* _WHAT THIS TASK INVOLVES_:
Return the listing below exactly. Leave its pictures out.

* _SOURCE DATA_:
------------------------------------------------

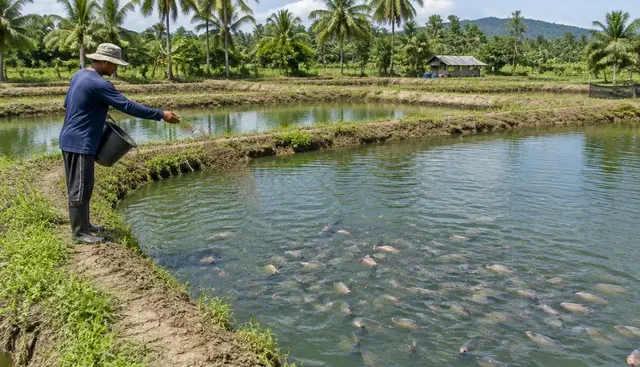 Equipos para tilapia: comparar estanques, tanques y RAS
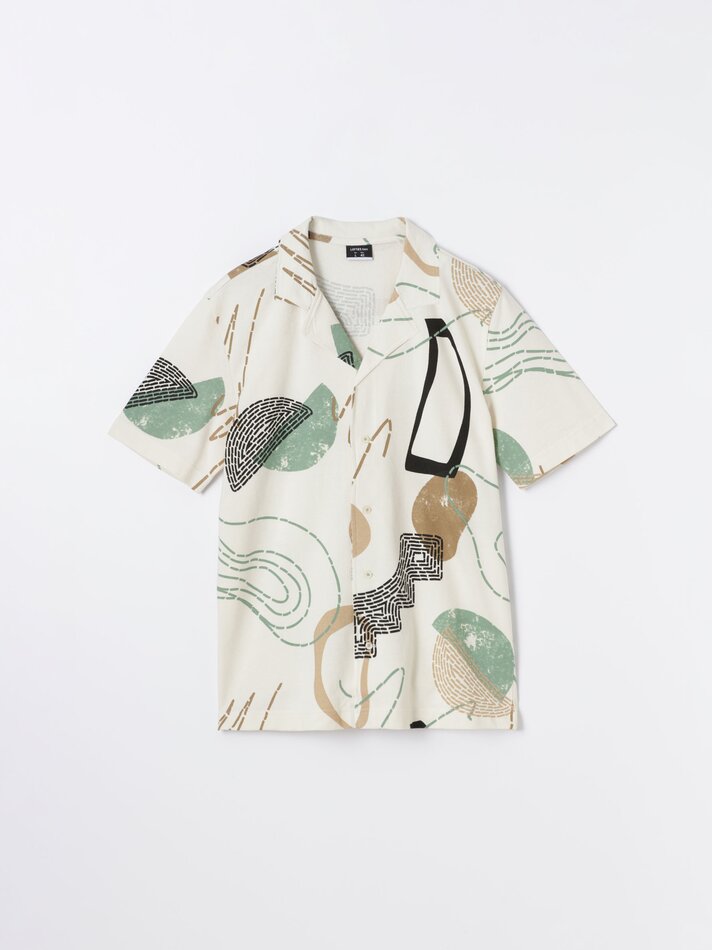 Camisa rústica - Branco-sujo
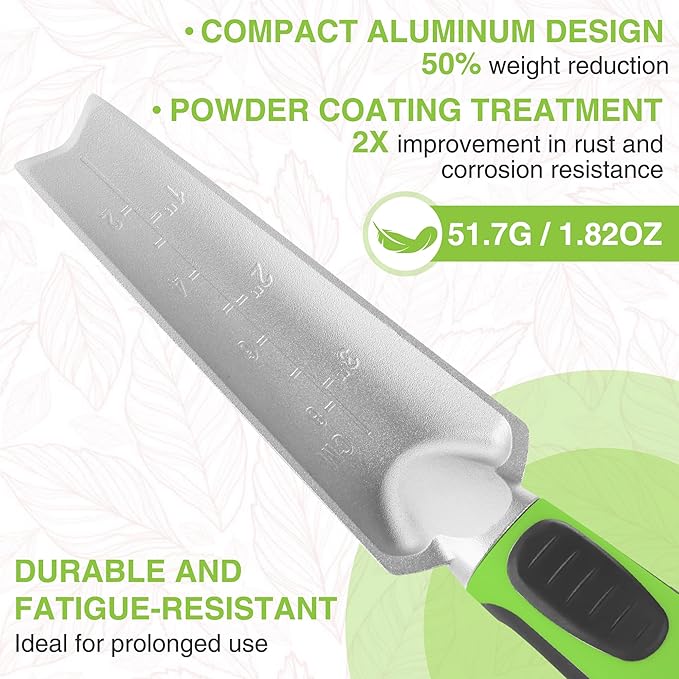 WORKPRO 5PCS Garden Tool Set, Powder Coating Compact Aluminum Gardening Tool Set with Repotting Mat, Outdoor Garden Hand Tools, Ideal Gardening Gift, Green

------------------------------------------------

* _WRITTEN ANSWER_:
 Equipos para tilapia: comparar estanques, tanques y RAS
 Camisa rústica - Branco-sujo
 WORKPRO 5PCS Garden Tool Set, Powder Coating Compact Aluminum Gardening Tool Set with Repotting Mat, Outdoor Garden Hand Tools, Ideal Gardening Gift, Green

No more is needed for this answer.